Where is any of that in the price of DEC? Well, reader, it isn’t.
This is not advice
Oak
Disclaimer: While Micro cap and Nano cap holdings might have a higher risk and higher volatility than companies that are traditionally defined as "blue chip", DEC is a FTSE250 company and soon to be a Russell 2000 index company.
Nice write-up based on a much larger nice write-up. I believe that DEC is on top of the methane problem and faces little risk in that department. They get an A+ on methane.
However when it comes to Asset Retirement Obligations there is far too much conjecture and hope involved for my investment comfort. Further, I have little doubt that NextLVL has, or will have, sturdy competition given the huge amounts of money floating out of government coffers to fund well retirements. The spread between $20K+- for DEC's own wells and $120K+- for government funded retirements is just too juicy and does not pass the smell test.
I think the investment case for DEC needs to be based on the near certainties of the near few years. The economics of the business look reasonably solid; however the treadmill of decline dictates continuing acquisitions. DEC's slashing of the dividend thoroughly discredited the case for sustainable cash flows from paid off wells. (I am in the camp that the size of the reduction was unnecessary.)
What has not changed is the Asset Retirement Obligations. DEC had 70K wells, which assuming a 50 year life (probably a stretch), requires an average retirement rate of 14K wells per year. I'm certain that the 6000+- wells spun off into the SPV were not DEC's oldest wells so their age profile has quite likely gotten older.
Accepting the ARO risk and a modest portion of commodity risk was acceptable at a 15% yield when I began purchasing DEC stock on the LSE. A 9% yield does not do it for me, especially when compared to lesser risks in energy at similar (mineral royalties) or slightly lower yields (pipelines).
One other point relevant to the investment case. I have been watching for some positive analyst coverage and for aggressive stock buybacks using what were our dividends. I've seen neither ... so far.
The methane issue looks like it’s been put to bed which is a plus sign. Also looks like sentiment is shifting a degree as the share price has started to climb. Only got to increase another 90% and it will be back to where it started a while ago. Although then the yield would be somewhat less which was the original attraction of the share in the first place.
ARO does look like a future issue and I wouldn’t be surprised if it crops up again but it may depend on who is the next president. If it’s trump then nobody will care but if it’s Biden then there may be more scrutiny industry wide.
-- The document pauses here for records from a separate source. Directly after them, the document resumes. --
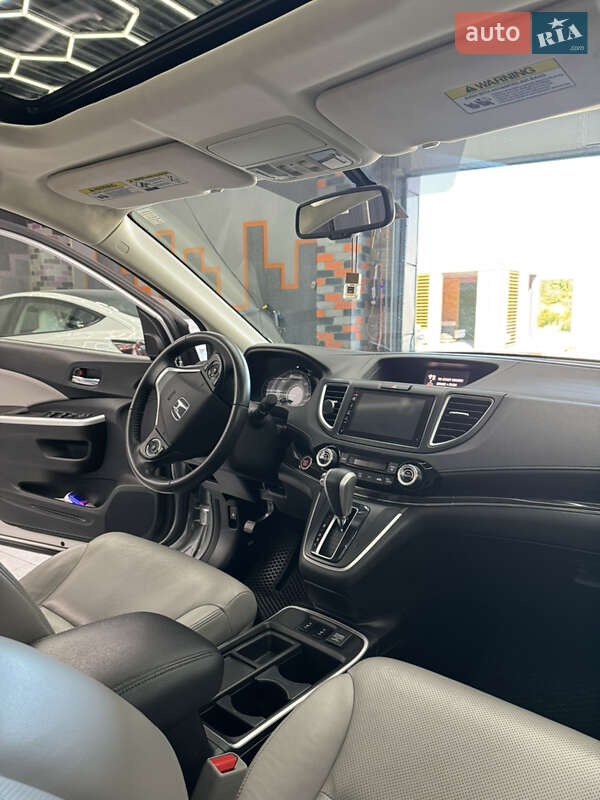 Внедорожник / Кроссовер Honda CR-V 2014 в Житомире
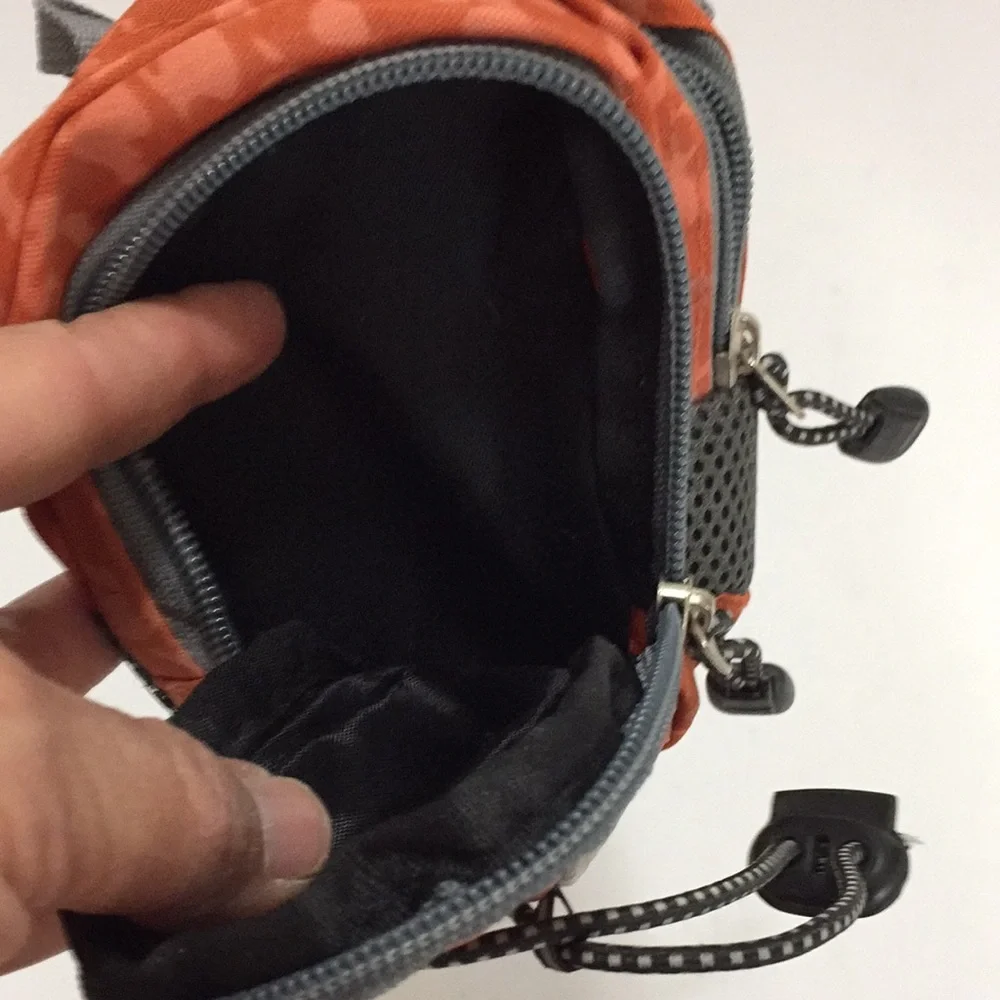 Extreme Orange Pod Pack Mini Backpack New With Tags
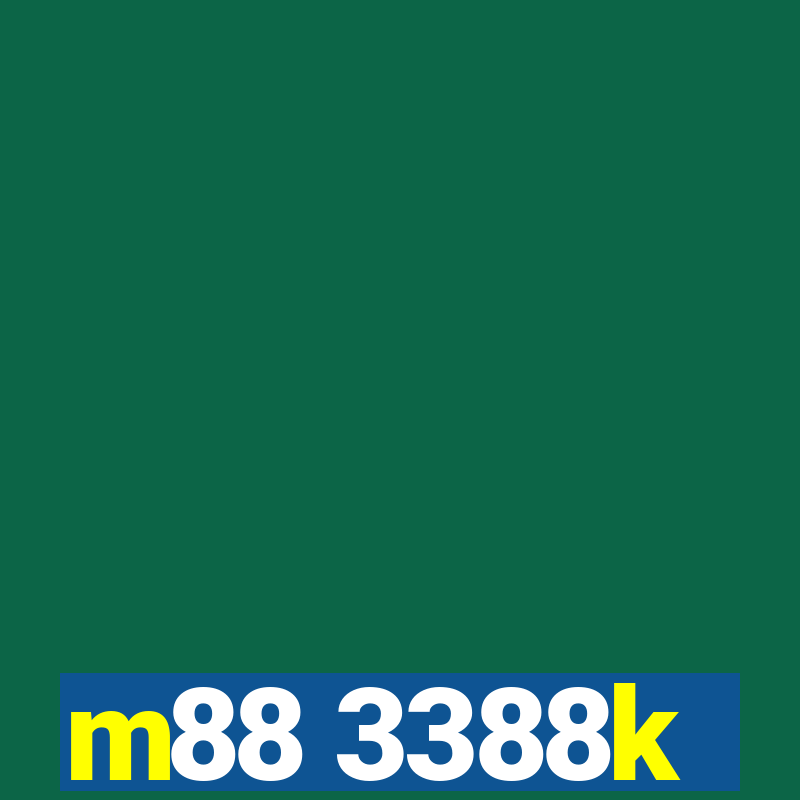 m88 3388k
The whole carbon credit section of the article is pie in the sky and really needs a bit more rigour. I’m fairly certain the credit is for the company implementing the CCS so it would be the power station, not the owner of the well it’s stored in, or the builder of the direct air CCS. Cost to build and implement at a power station is expensive and probably not in DEC’s skill base. Direct air is a whole different ball game with costs estimated at $600 a ton and nobody has a plan to scale it up properly to the hundreds of millions of tons range needed.
Blithely mentioning pipelines kind of glosses over the issue of building thousands of miles to connect power stations to thousands of different wells. I would assume the wells would still have to be plugged at some point to seal them permanently once full of CO2?